Launch is now set for 11:15 a.m. EDT (1515 GMT) tomorrow, with weather forecasts offering an 80 percent chance of favorable flight conditions, NASA said.

"We've got a lot of confidence in tomorrow," Jett said.

NASA has only one remaining day - Sept. 9 - to launch Atlantis' scrub-ridden mission to jump start ISS construction before settling into an extended delay to allow time for a Russian Soyuz mission to swap out station crewmembers. The next available launch attempt can occur no earlier than late September or early October, shuttle officials have said.

Atlantis' STS-115 mission will deliver a $371.8 million pair of new trusses and solar arrays to the ISS. The spaceflight will mark NASA's third shuttle mission since the 2003 Columbia accident and the first major ISS construction flight since late 2002.

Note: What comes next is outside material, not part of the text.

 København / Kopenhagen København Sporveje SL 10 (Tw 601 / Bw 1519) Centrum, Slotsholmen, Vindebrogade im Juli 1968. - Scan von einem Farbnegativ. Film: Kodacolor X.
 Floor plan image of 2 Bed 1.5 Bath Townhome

Joining Jett aboard Atlantis STS-115 spaceflight are pilot Chris Ferguson and mission specialists Joseph Tanner, Daniel Burbank, Heidemarie Stefanyshyn-Piper and Steven MacLean - representing the Canadian Space Agency.

Sensor issues

Today's scrub comes after a series of delays for Atlantis that culminated in the failure of one of four liquid hydrogen fuel gauge sensors in the orbiter's external tank.

Known as engine cutoff (ECO) sensors, the small detectors measure the amount of fuel remaining in a shuttle's external tank, and are designed as a backup system to shut down an orbiter's three main engines before propellant runs out.

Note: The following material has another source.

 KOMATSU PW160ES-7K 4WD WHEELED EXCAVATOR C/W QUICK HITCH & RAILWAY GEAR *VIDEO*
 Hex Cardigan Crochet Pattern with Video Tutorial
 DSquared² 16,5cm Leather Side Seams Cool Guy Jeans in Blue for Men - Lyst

ECO sensor No. 3 inside the liquid hydrogen vessel at the bottom of Atlantis' 15-story external tank failed a standard prelaunch check, in which launch controllers direct the fuel gauge to read 'dry' - indicating an empty tank - but the sensor continued to read 'wet'. 

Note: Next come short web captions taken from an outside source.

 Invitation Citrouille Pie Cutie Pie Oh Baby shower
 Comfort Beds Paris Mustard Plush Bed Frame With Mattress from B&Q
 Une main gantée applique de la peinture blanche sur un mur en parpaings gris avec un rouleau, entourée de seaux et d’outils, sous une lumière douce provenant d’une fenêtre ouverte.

If the more than one ECO sensor reads wet when the fuel tank is actually dry during launch, which would require a number of sequential failures, the engines could rip apart and cause catastrophic damage. A false 'dry' reading when fuel actually remains could shut down Atlantis' engines prematurely before the shuttle reaches its intended orbit.

NASA flight rules typically call for four working sensors in both the liquid oxygen and liquid hydrogen fuel tanks, but the regulations do have an exception that would allow a Saturday launch. That approval hinges on the results of additional sensor checks as engineers drain Atlantis' external tank tonight and refill it early Saturday.

If all four sensors work fine, or if the problem occurs exactly as seen today, Atlantis could launch on Saturday, NASA spokesperson June Malone told SPACE.com.

That same rationale allowed NASA's space shuttle Discovery to launch its STS-114 return to flight mission in July 2005 despite a 13-day delay due to a similar ECO sensor problem. The sensors, all tracked to a batch manufactured in 1996, were later replaced with new versions in future shuttle external tanks.

Malone said the external tank draining and refilling process will give shuttle engineers a critical look at the health of its ECO sensors.

"They are very valuable," NASA spokesperson June Malone told SPACE.com of the additional sensor checks. "It's simply more data to measure the sensor performance."

Delays a plenty

Atlantis has suffered a series of inopportune delays from its initial Aug. 27 launch date. The flight has been postponed due to a lightning strike to the shuttle's launch pad, weather threats from a tropical depression and - on Wednesday - a power glitch in a pump motor that helps cool one of the spacecraft's three vital fuel cells. The fuel cell issue led shuttle officials to scrub a Sept. 6 launch attempt, but was not in violation of any flight rules. 

There were no additional fuel cell pump motor issues akin to that which prevented a Sept. 6 launch attempt for Atlantis, NASA spokesperson George Diller said. 

"It's an extremely complicated machine, the space shuttle," NASA astronaut Robert Satcher told SPACE.com Thursday. "It takes a lot of people with expertise to make it work, and they do a very good job at it."